+++ Data for processing +++

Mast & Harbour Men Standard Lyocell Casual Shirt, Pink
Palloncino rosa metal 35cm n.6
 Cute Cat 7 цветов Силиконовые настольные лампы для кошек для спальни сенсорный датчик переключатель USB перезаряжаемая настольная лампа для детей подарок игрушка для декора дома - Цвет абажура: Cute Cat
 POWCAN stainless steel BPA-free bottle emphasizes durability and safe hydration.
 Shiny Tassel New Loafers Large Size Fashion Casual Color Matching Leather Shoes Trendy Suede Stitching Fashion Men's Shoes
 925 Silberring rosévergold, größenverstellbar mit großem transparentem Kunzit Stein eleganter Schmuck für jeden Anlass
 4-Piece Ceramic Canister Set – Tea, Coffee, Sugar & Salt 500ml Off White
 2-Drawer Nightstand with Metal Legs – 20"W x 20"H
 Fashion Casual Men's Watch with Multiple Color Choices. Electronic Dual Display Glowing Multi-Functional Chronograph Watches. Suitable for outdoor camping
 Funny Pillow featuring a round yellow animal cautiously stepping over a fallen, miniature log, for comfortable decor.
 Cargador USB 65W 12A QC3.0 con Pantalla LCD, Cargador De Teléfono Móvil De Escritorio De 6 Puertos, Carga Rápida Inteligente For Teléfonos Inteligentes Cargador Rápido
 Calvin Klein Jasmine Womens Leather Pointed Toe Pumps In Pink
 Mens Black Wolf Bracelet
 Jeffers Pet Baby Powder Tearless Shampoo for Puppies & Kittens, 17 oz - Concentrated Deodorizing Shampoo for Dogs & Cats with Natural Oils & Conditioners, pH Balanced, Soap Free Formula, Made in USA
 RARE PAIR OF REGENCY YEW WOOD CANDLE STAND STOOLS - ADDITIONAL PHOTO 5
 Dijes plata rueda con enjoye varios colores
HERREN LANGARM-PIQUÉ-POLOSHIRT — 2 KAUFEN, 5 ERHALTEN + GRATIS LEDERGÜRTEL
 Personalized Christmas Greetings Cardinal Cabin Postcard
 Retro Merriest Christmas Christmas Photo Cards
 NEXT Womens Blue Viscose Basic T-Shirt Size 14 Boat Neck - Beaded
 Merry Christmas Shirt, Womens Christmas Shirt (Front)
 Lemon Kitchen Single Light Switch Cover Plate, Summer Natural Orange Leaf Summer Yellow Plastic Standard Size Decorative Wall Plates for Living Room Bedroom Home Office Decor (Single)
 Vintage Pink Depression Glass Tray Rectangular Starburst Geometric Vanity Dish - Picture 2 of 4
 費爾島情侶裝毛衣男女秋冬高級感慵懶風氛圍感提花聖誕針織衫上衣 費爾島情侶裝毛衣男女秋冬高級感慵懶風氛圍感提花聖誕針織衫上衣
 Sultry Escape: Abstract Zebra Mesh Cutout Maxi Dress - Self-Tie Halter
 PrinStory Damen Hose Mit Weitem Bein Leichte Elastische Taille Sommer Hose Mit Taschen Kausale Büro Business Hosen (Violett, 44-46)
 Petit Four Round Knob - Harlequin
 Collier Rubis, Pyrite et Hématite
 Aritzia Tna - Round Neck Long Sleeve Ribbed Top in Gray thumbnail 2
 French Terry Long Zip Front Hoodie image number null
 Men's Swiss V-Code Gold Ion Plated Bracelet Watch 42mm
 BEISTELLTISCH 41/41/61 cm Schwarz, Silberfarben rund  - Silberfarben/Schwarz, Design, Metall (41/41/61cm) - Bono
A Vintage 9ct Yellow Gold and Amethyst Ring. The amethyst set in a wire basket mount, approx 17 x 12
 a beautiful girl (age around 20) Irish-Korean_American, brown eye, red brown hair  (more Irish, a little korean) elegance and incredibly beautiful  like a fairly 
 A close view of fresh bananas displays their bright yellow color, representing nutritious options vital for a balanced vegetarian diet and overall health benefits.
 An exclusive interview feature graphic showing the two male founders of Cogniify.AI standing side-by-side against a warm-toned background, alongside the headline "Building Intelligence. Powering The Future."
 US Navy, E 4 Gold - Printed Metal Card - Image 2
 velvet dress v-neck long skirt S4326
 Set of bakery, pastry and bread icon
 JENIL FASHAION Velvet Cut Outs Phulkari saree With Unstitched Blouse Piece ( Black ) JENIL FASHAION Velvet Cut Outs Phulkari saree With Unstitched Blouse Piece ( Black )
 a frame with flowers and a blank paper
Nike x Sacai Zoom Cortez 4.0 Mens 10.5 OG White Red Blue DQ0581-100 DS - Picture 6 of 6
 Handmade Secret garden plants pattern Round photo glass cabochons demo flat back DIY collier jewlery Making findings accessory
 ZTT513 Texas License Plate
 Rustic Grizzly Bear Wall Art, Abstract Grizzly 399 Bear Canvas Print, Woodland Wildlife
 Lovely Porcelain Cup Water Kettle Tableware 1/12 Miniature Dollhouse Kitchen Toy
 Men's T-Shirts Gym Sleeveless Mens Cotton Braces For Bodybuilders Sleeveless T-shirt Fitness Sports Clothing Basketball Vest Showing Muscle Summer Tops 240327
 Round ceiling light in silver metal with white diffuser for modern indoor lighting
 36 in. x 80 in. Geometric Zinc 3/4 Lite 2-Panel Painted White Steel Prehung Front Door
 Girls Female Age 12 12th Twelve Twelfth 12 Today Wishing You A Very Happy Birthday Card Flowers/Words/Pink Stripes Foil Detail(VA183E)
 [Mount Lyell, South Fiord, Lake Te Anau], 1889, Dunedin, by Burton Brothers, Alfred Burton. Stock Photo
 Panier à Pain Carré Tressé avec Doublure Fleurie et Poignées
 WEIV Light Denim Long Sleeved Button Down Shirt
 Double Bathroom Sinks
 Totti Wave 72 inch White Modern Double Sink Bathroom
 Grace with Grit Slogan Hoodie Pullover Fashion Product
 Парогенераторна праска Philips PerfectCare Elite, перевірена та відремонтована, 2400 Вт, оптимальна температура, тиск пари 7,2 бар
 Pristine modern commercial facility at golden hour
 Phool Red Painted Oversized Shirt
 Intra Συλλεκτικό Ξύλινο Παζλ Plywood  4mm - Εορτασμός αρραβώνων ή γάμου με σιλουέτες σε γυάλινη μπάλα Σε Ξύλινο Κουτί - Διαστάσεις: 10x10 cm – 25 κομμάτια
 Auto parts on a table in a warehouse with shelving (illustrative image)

+++

* [Task instructions]
The reply should consist solely of the lines of the data, exact, from the opening line through the line with "Fashion Casual Men's", inclusive.

* [Exercise result]
Mast & Harbour Men Standard Lyocell Casual Shirt, Pink
Palloncino rosa metal 35cm n.6
 Cute Cat 7 цветов Силиконовые настольные лампы для кошек для спальни сенсорный датчик переключатель USB перезаряжаемая настольная лампа для детей подарок игрушка для декора дома - Цвет абажура: Cute Cat
 POWCAN stainless steel BPA-free bottle emphasizes durability and safe hydration.
 Shiny Tassel New Loafers Large Size Fashion Casual Color Matching Leather Shoes Trendy Suede Stitching Fashion Men's Shoes
 925 Silberring rosévergold, größenverstellbar mit großem transparentem Kunzit Stein eleganter Schmuck für jeden Anlass
 4-Piece Ceramic Canister Set – Tea, Coffee, Sugar & Salt 500ml Off White
 2-Drawer Nightstand with Metal Legs – 20"W x 20"H
 Fashion Casual Men's Watch with Multiple Color Choices. Electronic Dual Display Glowing Multi-Functional Chronograph Watches. Suitable for outdoor camping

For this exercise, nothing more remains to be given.